The big event in the past week or so in my life has been the first birthday of my daughter. We decided to have a party in our backyard, which necessitated much gardening. I am not much of a fan of gardening (I'd replace the lot with concrete if it were up to me!) but even I can appreciate the result. I love our back yard - green, lush, and with a sense of privacy.
A garden with privacy - the so called "Walled Garden" - is pretty common in educational technology circles - most notably for us here in Victoria is the Department's Ultranet, but also things like SuperClubs Plus and Kidblog. This post is not supposed to be a criticism of those who use Walled Gardens - I have and do set them up and use them - but a criticism of making the garden too small.
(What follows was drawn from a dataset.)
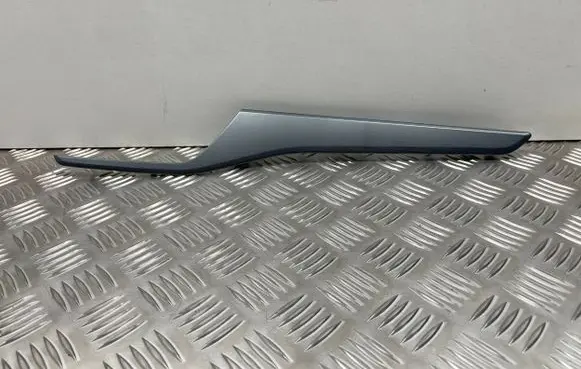 Ford Focus Front door trim bar JX7BA237B32E JX7BA237B32F JX7BA237B32H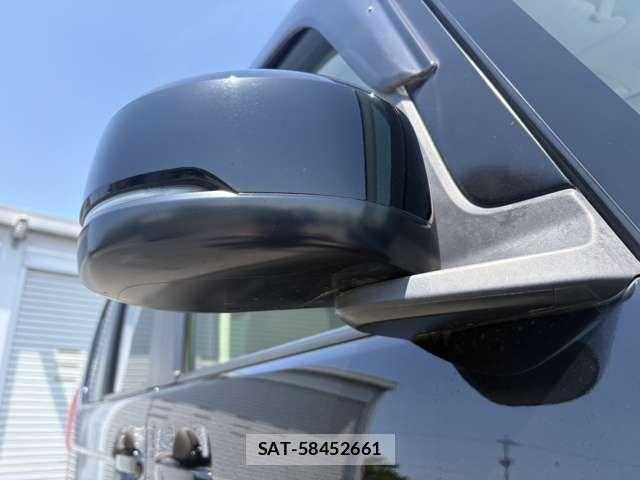 Honda N BOX 2018-10 7272465-12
The Walled Garden is presumably so popular for fear of this chap (I'm assuming it's a male) here. This image accompanies pretty much every article in Melbourne newspaper "The Age" that is about the dangers of the internet - in fact, I found it by searching "internet" and "theage.com.au" on google images. I'm not going to comment on how much of a threat this guy poses to our kids, or how likely it is that he'll be trying to get into a school site. Every school, teacher, and parent needs to make their own decisions as to the risks and benefits of using web-based technology.
It should be noted, however, that the benefits of using technology reduce with the size of the garden. In fact, if you make the garden too small, there becomes almost no point in using the technology at all.
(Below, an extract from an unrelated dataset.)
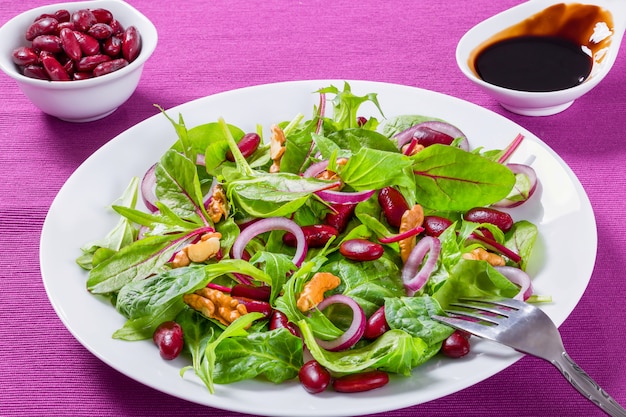 Salade de haricots rouges avec mélange de feuilles de laitue et de noix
A case in point is my recent exploration of how different teachers see the use of blogging. Some want to control who can read it, and who can comment on it, to the point where they see anyone else outside of this specific audience reading or commenting on their work as potential danger, and undesirable.
If this is the intention - to communicate with a very small audience that has been pre-determined - that's fine, but don't call it blogging. Because it's not. You may as well email your correspondence to your specific audience, and they can email you back with feedback. I'm not suggesting blogging needs to have a potentially infinite audience - that blogging can't occur within a walled garden - but that if you already know who it is that will read and comment on your work, and that number of individuals is small, then perhaps email, or paper, may be more suitable technologies to your purpose.
In my mind, blogging must have the element of some unknown audience, even if that audience is not completely unrestricted. I'm not confident enough to get my kids in a totally unwalled garden yet, mainly because of spam rather than our green-backlit friend above. This belief is best demonstrated in our writing community, The Writers' Club, which has 500 students from 25 schools. I don't know each and every member of the club; but I do know that each one is either a student at a school or is a teacher of one of the students. Anyone can read the writing, but only members can interact with the authors.
Again, I want to stress that this is not a criticism of those who are more cautious with technology. The caution comes from good intentions. But we risk watering the benefits down to nothing if we let fear rule our use of technology in education. And for those of us leading this, if we place too much emphasis on the perceived dangers, we give those who might be convinced a reason to opt-out.